DevOps culture leads to DevOps practices that are geared toward streamlining and improving the development lifecycle, to reliably deliver frequent updates, while maintaining stability.
To learn more, expand each of the following six categories.
DevOps teams set strong cultural norms around transparency of information and communication. These cross-functional teams have ownership and thus, instead of evaluating just their work, they consider the project needs collectively. They build empathy for each other’s efforts, partnerships, and trust, while collaborating towards common goals. They physically bring together traditional development and operations workflows and systematically improve productivity.
DevOps tools and automation of the delivery process, support these consolidated processes and workflows, coordinate efforts, automate repetitive tasks, and facilitate feedback loops required in good communication and collaboration.
Monitoring and observability are used to assess how effective changes to the application and infrastructure are, and how they impact performance and overall user experience. Part of DevOps feedback loops, monitoring and observability help teams react, learn, plan, and improve.
An observable system is a system that generates enough data from all resources, applications, and services in the form of logs, metrics, and traces to gain system-wide operational visibility. Logs report on discrete events, such as warnings. Metrics capture health and performance information, such as request rate or response time. Traces report on transactions and the flow of data across a distributed system, such as one comprised of microservices.
By observing a system, you can draw concise inferences about why something is happening.

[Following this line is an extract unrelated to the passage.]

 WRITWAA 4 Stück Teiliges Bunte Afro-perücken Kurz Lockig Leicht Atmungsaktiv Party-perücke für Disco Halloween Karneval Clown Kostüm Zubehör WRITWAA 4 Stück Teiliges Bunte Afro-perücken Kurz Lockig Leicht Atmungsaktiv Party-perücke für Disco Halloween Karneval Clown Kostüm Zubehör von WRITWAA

Monitoring tells you what is happening with your system. By consolidating and visualizing data gathered by an observable system over time, teams gain insight on performance, identify trends, can set alarms, and make predictions on expected outcomes.

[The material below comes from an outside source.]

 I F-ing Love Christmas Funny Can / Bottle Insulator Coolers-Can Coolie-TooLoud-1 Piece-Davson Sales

Continuous integration is a DevOps software development practice where developers regularly merge their code changes into a central repository, after which automated builds and tests are run. This way, teams can resolve merging issues and code defects early, when they are easier and more cost effective to resolve.
Continuous integration most often refers to the build or integration stage of the software release process. It requires both an automation component (for example, a CI or build service) and a cultural component (for example, learning to integrate frequently). The key goals of continuous integration are to find and address bugs quicker, improve software quality, and reduce the time it takes to validate and release new software updates.

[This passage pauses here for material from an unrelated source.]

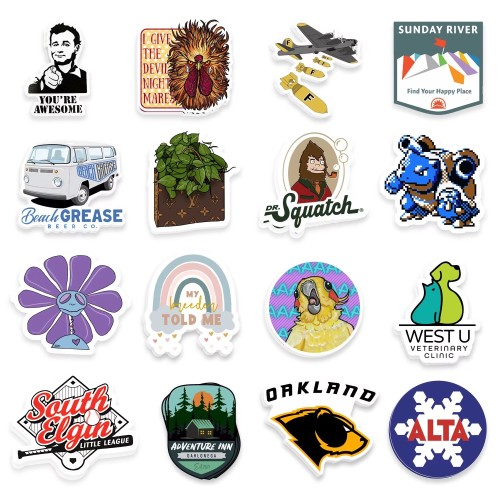 Custom Design Waterproof Die Cut Vinyl Printing Packaging Label Adhesive Stickers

Continuous delivery is a software development practice where every code change is automatically built, tested, and then deployed to a non-production testing or staging environment. Manual approval is required before pushing to production. When properly implemented, developers will always have a deployment-ready build artifact that has passed through a standardized test process.
Continuous deployment is similar to continuous delivery, but with automatic deployment to production. Tested code does not need an explicit approval before being pushed to production.
A microservices architecture, is a design approach that builds an application as a set of loosely coupled services. Each service is designed for a set of capabilities and focuses on solving a specific business problem. Services do not need to share any of their code or implementation with other services. Any communication between individual components happens via well-defined APIs. These services can be assigned to fully accountable teams, and be developed, tested, an deployed independently of other services.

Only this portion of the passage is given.